The item-id acts like a simple salt, so that pre-computed hashes can't be re-used across votes, when the voter, position (a simple yea or nay), and secret may all remain the same.

Brute-force attacks can be strengthened against by using longer and unique inputs, in particular by using a passphrase with greater entropy.

Additional strength comes from the expensive hashing function: scrypt. Since this function has adjustable difficulty, the system can limit the number of hashes that can be calculated within a certain timeframe. This significantly raises the cost of a successful brute-force attack.

Although the system may be assumed reasonably secure at the time of the vote, this will not hold in the future. Developments in computing hardware will eventually compromise the privacy of individuals' past votes.

Don't require individuals to manage their own cryptographic keys, or install any new software.

Yes, this goal is met.

No additional software needs to be installed by the end user. Their security is based on protecting their email inbox, similar to requirements for mainstream online banking and other everyday online tasks.

The platform can offer additional security features like Two Factor Authentication, as extra identity checks, but that is outside the scope of this document.

Support hundreds of millions of active users.

Yes, this goal is met.

This cryptosystem offers similar verification and immutability benefits as a blockchain-based system, but can be built upon traditional SQL infrastructure already proven to scale to billions of active users.

Comment from @cannoneyed:

The voter-side stuff all checks out but what about the public record? I might have missed it but it seems like the onus is on each voter to verify their own position, not sure how to ensure that the public record is not tampered with

The voter record can be a simple text document the voting platform publishes, e.g:

# https://liquid.us/audit/2016-e.txt

yea 77a14de056bf7ee73629501fd7942c41e59dc857c404b4f6f426a3c2fdbfbab2
yea 609a0a0f6a08067930e5671ff7ac768323b9d4694f4d201622b1db3d5c271df8
yea 1bbed06e1afe7b52c72c13da4fb7b860ca75be682d515d002b4d894c143068b6
nay ee1d08fa4a2419d65077b247a089165f4a83b6cac8c3e651fcbe937e81fd954d
yea fcd651f744bef16442162c166df2e06d439a472820917d976cd5d3e8acbb5ced
nay 039d4af6f0cceebce7b9cd0f28243861cdea8ca86118e8e108a5d7a865759e0f

The results are: 4 votes yea, 2 votes nay.

The voter isn't required to verify their own position, but the opportunity is always available to them. The voter can do this audit offline (without alerting the voting platform), which keeps it honest.
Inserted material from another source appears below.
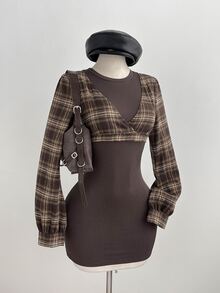 Elamini Fashionable Retro Brown Plaid Patchwork Ribbed 2 In 1 Short Bodycon Slimming Long Sleeve Dress, Simple Versatile Sexy Style For Women, Early Autumn - Multicolor - View 5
The voting record document can be cryptographically signed by the platform, so that it can be redistributed and still deemed authentic.

A hash of the document's content can be published to a blockchain as a trusted timestamp to provably show when the document was last edited.

Another reviewer's comment:

The crypto stuff is all over my head, but I appreciate that any third party can count the results themselves and there's ways to keep it accountable. Seems like a big improvement over what we do now even for presidential elections, where I know that I voted but I have no idea if it was counted correctly, and no way to check.

Similar to @cannoneyed my concern is on relying on voters to audit their own votes and ensure that the vote value is still consistent with their given hash.

Aside from the cryptographic signature on the chain. Is there anything in place to automate the auditing process?

@15chrjef: Automating the auditing process can be done by 3rd-party software. Sure the platform could offer it, but one design goal of this cryptosystem is that the end-user may not trust the platform.

We could help write some open-source software for the user to run themselves to automate the verification... That sort of solves the issue since the source would be inspectable.

But better long term would probably be multiple 3rd party "verifiers" that users could choose among. Those could be run as web-apps and handle everything automatically. Up to the user... they have the choice of convenience vs security, similar to choices among cryptocurrency wallets.

I've added a comment to the intro that this system is designed for our liquid democracy platform use-case (www.liquid.us), not real-world elections. Different risk profile. Much more independent security review necessary as we grow.